I've heard this "they shoot 60 anytime they want to" crap before. If you want to believe all that Tiger-is-God, these-guys-are-goooood marketing hype from Nike and the PGA Tour, knock yourself out with the rest of the starry-eyed 13-year-olds. One time Steve Johnson (at the time Haney's head instructor at his "HH Golf Ranch," when I was there) was going on about Mark O'Meara that way--how he'd just come back to Dallas a couple of weeks before, had played four times and hadn't been over 63 in any one of those rounds. Mm-hmm. I'm not saying it's not possible he could have shot that low four times; I'm saying there's no way O'Meara, Tiger, or anybody else _averages_ that low on any regulation golf course of decent length.

Tiger finished what, two under at the Open? If he's a +12, that means he's 46 strokes higher than his "handicap"? Right. Even if you put course ratings above par at every tour event (which they shouldn't be, with the perfect conditioning)--say, at 75--this would mean that Tiger would have to _average_ shooting 62 or 63 in every round at every event. Does that make sense to you?

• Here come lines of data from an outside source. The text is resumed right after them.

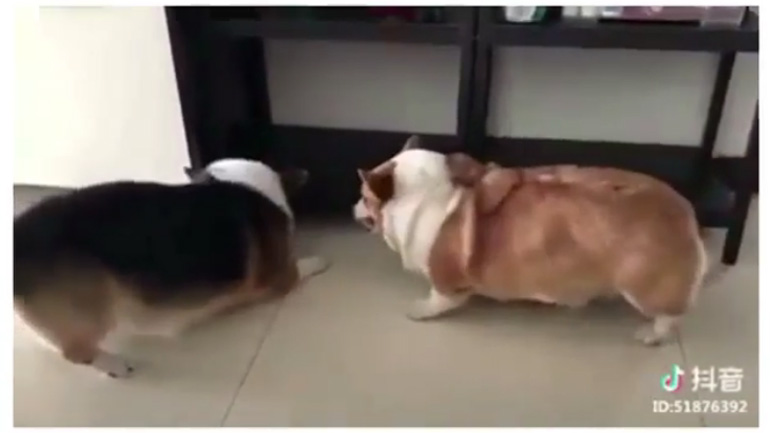 Ο πιο αστείος τσακωμός μεταξύ δύο σκύλων!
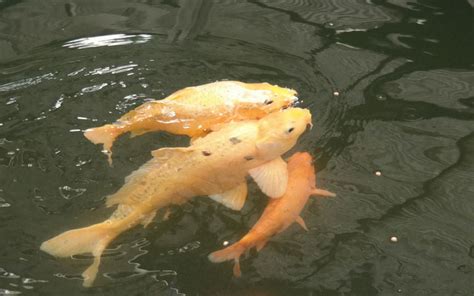 Jika kamu alami mimpi semacam ini, jadi ini berarti. 15 Arti Mimpi Melihat Ikan Mas Kuning besar di Kolam ...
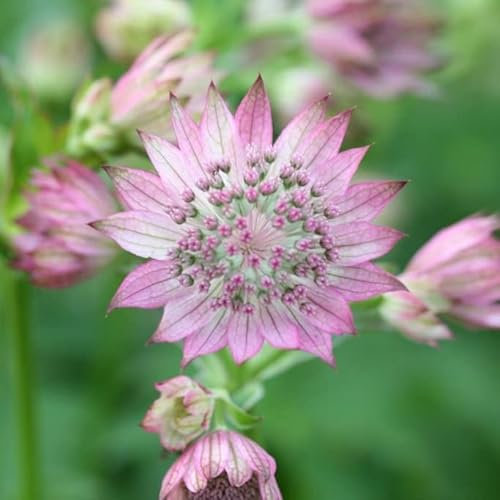 6x Große Sterndolde 'Alba' - Astrantia major - Topf 9x9cm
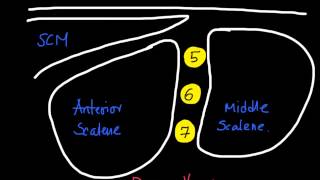 Nugget 12How to identify Phrenic nerve [upl. by Layap]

Honestly. It's like the old Bill Brasky skit on SNL. What's next, these guys can flap their arms and fly to the moon? It's not enough that they can shoot 66 on your local course regularly?

What really sets them apart--and you can look this up statistically--is how few bogeys they make and how few 79s they shoot, not how they make enough birdies to shoot 59 or 61 or 63 every round, because they just don't. The reasons these guys are better than I was at a plus-2--the reason I needed to get better to play for a living--was that a guy like O'Meara might come out and shoot 67 on the course I was playing, and maybe I'd play great and match him. But the second day he's going to shoot 68 again, or whatever, and I'm going to shoot 72 or 73. Third day, he's at 68 again, and I come back with a 71. Fourth day, he goes 67, and I really finish strong with a 69. That would've been a really solid week for me, then. And at the end of it, I'd have heard, "Congrats, you shot 9 under. You only lost by nine." I mean, I shot scores that only a tiny fraction of players in the world will ever shoot, and I got smoked.

This is not just talk; it's important for anybody who actually wants to improve and who wants to know _how_ pros are as good as they are. The leading scores on the PGA Tour--around 68-69, usually, by late in the season. Right now Mickelson's the official leader at 69.45. Let's call it 69, adjusted. He gets there with just under four birdies per round, or just less than two per side. Most people would be shocked at how few birdies these guys actually make on the average, because they're used to seeing the leaders tearing it up on Saturday and Sunday. And with only four birds per round, do the math: Throwing out the rare eagle, he's making about one bogey a round on the average. Now, you're not going to get to an average of 60, or 58, or whatever, with an average of four birdies a round, are you? Or do you think these courses are rated up around 79 or 80? But you can sure get to 10 or 12 or 14 under at the end of a 72-hole event.

These guys are good, all right, but for reasons most people don't understand. I guarantee you there were days when I, or any good scratch or plus-handicap player, could have beaten the best player in the world. But give us ten 72-hole tournaments, and the differences add up to a crushing accumulation. If a plus-2 plays Tiger even at plus-5, say, and if that's an accurate reflection of Tiger's actual scores against ratings (not the ridiculous plus-12), it means Tiger beats him by 12 strokes in a four-round tournament, on the average--and that's a really good player (about in the top 0.1% in the world) who's getting drubbed.

If you want to score better, stop the leaking; stop the overpar holes. The best pros average around three under per round because they don't back up much while they're trying to go forward; their birdies are working to get them further under par instead of just back to even.